Braden snapped his head back to coach.
“You can’t eat another one of those left hooks. When he starts setting you up, I want you to weave into the path of that hook and duck deep. When he throws the hook and I want you to throw a right shovel hook from all the way downtown. You hear me?”
“I hear you.”
“It’s a gamble. If you don’t time it perfectly, he’s going to knock you out.”
The ring announcer called for the seconds to leave and Coach Valentino nodded.
The bell for the twelfth round rang and Davey Cole marched from his corner. Braden didn’t see a noble competitor, he saw an amalgamation of everyone who thought of him as a loser. With each staccato step with Cole’s right foot leading was a whisper of “loser.”
Cole’s right jab stung. Braden could feel the intent to finish the fight early in it. Pop, pop, two more jabs. In rounds previous, the pattern was one jab, two jabs, one jab, three, and then the left hook. The next jab stung worse than the first.
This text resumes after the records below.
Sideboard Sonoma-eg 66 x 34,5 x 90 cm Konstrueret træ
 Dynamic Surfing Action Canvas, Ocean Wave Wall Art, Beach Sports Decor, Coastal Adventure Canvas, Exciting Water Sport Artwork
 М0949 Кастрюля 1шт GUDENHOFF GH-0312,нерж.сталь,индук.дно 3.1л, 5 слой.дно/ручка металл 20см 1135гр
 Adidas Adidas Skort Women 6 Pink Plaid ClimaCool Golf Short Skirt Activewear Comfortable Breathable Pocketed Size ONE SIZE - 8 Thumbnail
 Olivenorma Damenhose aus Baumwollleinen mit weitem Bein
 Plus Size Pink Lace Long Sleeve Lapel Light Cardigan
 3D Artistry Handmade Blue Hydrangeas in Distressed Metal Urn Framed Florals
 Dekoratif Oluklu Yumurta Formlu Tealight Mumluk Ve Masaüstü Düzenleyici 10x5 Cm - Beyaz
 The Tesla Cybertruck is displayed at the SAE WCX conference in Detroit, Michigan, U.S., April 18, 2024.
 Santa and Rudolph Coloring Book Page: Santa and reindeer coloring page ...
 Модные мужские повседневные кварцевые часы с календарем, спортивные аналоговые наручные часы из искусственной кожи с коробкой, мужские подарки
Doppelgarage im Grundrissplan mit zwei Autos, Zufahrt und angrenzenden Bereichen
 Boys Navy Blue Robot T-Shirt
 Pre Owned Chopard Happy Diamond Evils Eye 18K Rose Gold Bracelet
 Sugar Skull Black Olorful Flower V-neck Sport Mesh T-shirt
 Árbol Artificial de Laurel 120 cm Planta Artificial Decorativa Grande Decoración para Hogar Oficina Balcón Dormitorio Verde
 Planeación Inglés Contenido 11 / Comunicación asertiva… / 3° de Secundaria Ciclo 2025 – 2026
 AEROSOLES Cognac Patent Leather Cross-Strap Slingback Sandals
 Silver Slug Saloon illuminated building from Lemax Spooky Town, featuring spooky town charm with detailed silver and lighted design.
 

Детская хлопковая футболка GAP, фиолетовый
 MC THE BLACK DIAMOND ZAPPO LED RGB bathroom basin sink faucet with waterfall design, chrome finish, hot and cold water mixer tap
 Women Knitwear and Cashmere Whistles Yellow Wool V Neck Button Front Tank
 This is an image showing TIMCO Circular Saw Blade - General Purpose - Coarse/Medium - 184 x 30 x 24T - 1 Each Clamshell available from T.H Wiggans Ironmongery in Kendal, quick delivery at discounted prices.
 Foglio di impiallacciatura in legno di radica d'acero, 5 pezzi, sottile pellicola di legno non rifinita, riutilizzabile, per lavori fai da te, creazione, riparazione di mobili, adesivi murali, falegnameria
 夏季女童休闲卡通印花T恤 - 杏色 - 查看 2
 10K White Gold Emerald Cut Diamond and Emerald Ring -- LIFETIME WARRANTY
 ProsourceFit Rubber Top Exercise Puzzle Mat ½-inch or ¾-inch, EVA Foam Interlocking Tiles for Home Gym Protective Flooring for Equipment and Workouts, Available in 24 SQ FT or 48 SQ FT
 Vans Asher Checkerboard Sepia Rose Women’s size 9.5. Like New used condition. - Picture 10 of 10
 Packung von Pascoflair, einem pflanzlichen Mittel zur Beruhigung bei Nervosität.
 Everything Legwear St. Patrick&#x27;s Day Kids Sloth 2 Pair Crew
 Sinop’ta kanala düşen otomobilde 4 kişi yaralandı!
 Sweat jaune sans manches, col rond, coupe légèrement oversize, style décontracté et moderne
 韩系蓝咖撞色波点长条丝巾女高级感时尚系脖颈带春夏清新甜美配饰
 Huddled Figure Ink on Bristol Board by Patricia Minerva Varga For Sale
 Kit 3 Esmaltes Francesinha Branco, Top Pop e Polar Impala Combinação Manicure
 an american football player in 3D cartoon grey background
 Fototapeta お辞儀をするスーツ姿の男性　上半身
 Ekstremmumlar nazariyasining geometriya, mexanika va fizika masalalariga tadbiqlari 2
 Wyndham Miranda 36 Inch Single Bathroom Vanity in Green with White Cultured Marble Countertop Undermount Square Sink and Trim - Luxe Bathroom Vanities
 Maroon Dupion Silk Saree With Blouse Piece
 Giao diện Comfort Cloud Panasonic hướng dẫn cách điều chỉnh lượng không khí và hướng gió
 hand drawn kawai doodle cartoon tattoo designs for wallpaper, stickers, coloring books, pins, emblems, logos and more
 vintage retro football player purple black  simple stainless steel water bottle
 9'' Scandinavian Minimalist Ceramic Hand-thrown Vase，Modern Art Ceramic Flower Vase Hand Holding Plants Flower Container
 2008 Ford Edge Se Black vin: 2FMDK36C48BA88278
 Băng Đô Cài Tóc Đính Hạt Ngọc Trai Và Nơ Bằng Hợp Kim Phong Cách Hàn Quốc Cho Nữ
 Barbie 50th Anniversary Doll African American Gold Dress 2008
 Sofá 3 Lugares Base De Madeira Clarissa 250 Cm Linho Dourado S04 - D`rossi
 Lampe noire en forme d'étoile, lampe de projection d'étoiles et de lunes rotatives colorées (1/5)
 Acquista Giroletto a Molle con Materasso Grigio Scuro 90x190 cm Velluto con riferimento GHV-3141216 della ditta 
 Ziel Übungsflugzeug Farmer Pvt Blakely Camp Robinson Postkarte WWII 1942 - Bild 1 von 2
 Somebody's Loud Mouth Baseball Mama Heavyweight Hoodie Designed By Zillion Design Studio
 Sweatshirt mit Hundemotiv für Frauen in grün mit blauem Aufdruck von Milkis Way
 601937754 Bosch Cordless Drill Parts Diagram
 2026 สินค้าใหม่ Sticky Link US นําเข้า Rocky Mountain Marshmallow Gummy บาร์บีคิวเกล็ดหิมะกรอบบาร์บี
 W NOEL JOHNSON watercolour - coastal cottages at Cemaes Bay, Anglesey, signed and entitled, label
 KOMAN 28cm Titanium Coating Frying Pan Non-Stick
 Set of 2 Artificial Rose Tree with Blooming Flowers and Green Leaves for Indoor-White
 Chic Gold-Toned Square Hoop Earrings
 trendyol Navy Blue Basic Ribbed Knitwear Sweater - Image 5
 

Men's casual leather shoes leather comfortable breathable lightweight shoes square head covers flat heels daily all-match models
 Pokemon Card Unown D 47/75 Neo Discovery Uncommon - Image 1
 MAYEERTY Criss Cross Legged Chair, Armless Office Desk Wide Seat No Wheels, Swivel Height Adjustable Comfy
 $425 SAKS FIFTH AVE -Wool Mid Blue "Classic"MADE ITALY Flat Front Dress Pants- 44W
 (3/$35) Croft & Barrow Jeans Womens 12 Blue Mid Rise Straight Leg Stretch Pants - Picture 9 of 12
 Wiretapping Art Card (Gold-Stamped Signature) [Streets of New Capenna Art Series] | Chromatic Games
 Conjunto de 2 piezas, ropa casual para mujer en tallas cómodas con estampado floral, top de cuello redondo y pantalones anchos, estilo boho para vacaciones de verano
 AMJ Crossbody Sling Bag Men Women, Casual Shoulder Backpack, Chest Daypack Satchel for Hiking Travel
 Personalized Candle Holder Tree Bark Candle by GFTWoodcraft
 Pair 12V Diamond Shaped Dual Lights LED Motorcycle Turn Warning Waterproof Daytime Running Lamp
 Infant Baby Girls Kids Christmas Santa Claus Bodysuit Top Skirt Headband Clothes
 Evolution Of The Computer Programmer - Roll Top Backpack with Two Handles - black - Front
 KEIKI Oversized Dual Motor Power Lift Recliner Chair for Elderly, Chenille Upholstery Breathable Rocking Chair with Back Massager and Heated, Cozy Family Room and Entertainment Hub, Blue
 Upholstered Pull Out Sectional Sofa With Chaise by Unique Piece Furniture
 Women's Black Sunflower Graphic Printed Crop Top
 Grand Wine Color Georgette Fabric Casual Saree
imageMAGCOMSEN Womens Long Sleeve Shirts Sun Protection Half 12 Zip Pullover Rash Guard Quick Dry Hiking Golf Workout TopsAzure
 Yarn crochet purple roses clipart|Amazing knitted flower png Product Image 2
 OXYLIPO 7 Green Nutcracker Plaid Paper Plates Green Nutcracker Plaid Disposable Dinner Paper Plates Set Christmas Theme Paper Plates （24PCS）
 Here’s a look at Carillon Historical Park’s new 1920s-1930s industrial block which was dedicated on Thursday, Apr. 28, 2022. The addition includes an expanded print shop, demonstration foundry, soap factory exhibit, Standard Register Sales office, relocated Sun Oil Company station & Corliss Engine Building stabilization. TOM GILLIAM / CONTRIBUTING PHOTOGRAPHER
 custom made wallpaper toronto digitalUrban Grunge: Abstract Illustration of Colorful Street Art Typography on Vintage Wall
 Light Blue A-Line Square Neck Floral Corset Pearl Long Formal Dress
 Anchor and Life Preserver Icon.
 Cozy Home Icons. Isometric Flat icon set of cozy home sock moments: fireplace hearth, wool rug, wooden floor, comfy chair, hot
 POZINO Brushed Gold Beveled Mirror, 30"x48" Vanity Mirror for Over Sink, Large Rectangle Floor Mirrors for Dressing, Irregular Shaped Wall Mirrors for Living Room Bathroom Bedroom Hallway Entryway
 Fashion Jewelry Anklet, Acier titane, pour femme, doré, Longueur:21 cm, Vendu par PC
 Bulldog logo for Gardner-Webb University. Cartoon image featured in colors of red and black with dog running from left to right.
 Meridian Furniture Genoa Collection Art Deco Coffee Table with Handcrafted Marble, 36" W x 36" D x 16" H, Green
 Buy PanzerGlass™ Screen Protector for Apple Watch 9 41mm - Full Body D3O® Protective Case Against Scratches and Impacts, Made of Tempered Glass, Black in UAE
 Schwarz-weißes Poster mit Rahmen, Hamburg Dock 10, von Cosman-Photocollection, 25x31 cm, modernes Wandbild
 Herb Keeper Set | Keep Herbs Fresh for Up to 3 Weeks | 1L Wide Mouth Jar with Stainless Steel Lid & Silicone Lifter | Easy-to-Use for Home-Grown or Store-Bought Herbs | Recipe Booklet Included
As predicted, the staccato taps of the triplicate jab arrived.
On the recoil from the third jab, Braden changed his level, ducking deep and dropping his right hand. The cannon of Davey Cole’s left hand fired and everything became slow-motion. Tension flowed from Braden’s shoulder, to his fist — his body worked in unison, from the balls of his feet, sending thunder to his knuckles. The jab-uppercut hybrid fired like a rubber band being snapped and the red boxing glove collided with Cole’s jaw, the connection sounded like a gunshot. Cole’s mouthpiece was ejected from his face and the six-foot middleweight dropped.
The ref held the wrist of both combatants, waiting for the official announcement from the ring announcer.
“Your winner, in forty-eight seconds by knockout: Braden ‘the Maniac’ Capp!”
The small crowd applauded out of decorum. Two voices were heard over everyone else. Jamie and Jessie telling anyone who’d listen: “That’s our dad!”
“That’s how winning is done, Bray.” Coach Valentino said.
by Louise Sorensen (@louise3anne)
There are many good articles on Combat and Action in Writing, in books and on the internet, and you should read them to get a well-rounded understanding of the definitions, uses, and best practices.
But the best way to learn how to use them in your writing is to read stories by authors who have done these well. If you want to write well, you must read. A lot. Seriously. Writing can’t be taught from definitions and rules. In fact, writing can’t be taught at all. You learn how to write through trial and error. And you have to read like you’re addicted in order to learn how.
Reading lets you absorb these lessons gradually over time, so that you don’t need to use definitions and check off boxes to get it right. Reading will give you an innate understanding of how stories work and help you learn to write from your gut.
Intuition will give you a feel for what works.
Beta readers, critique groups, and editors, will let you know what doesn’t.
Another good way to get a feel for combat, action, or any other aspect of writing, is to write up a scene from a movie. Whether the story is from your imagination, or on the screen, it must be transcribed onto the page for you to learn how to write.
Action in writing, is fast moving, with a lot happening and few breaks to let readers catch their breath. The story speeds along, without long descriptions of setting or character. Everything pertains to the action. A point of view limited to one character works well, allowing us to see what is happening through the character. James Bonds, Superheroes stories, and thrillers are written in this rollercoaster style. They open with action, use short choppy sentences, limited dialogue, and strong verbs.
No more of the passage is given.